Once you reach the line containing "Buffalo Bill Historical" in the data below, restate each line word for word up to and including the one containing "Antiek Art Nouveau".

(SUPPLIED MATERIAL Opens)

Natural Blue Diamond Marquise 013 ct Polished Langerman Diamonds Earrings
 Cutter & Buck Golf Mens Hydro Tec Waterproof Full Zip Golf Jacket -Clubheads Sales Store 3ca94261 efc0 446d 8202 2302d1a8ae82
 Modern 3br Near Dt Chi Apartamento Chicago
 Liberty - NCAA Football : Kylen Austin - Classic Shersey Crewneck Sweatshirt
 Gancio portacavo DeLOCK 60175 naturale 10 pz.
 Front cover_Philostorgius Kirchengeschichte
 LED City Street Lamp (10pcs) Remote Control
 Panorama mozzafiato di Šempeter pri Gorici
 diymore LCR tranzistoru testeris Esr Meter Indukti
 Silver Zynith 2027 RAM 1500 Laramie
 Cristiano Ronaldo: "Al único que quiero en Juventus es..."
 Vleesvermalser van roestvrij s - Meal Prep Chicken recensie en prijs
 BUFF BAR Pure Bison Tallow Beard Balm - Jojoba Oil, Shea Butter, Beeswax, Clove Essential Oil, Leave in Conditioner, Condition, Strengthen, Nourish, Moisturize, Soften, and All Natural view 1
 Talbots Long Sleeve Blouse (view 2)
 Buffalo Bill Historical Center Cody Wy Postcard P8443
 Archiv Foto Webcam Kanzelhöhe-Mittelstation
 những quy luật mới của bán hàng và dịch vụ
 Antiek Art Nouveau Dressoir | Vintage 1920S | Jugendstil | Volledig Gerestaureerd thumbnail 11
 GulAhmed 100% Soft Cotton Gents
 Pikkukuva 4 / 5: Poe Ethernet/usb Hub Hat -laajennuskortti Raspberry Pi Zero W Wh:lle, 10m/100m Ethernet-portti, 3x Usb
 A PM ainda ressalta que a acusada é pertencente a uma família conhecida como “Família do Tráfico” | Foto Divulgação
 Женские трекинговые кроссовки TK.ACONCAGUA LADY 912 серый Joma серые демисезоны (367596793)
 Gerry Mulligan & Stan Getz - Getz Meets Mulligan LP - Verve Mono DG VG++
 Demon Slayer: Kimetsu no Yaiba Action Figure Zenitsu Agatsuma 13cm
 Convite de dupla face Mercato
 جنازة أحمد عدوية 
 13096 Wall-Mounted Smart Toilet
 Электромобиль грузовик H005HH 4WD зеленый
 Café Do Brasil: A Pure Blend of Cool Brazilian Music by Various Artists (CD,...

(SUPPLIED MATERIAL Closes)

RESULT OF THIS EXERCISE:
 Buffalo Bill Historical Center Cody Wy Postcard P8443
 Archiv Foto Webcam Kanzelhöhe-Mittelstation
 những quy luật mới của bán hàng và dịch vụ
 Antiek Art Nouveau Dressoir | Vintage 1920S | Jugendstil | Volledig Gerestaureerd thumbnail 11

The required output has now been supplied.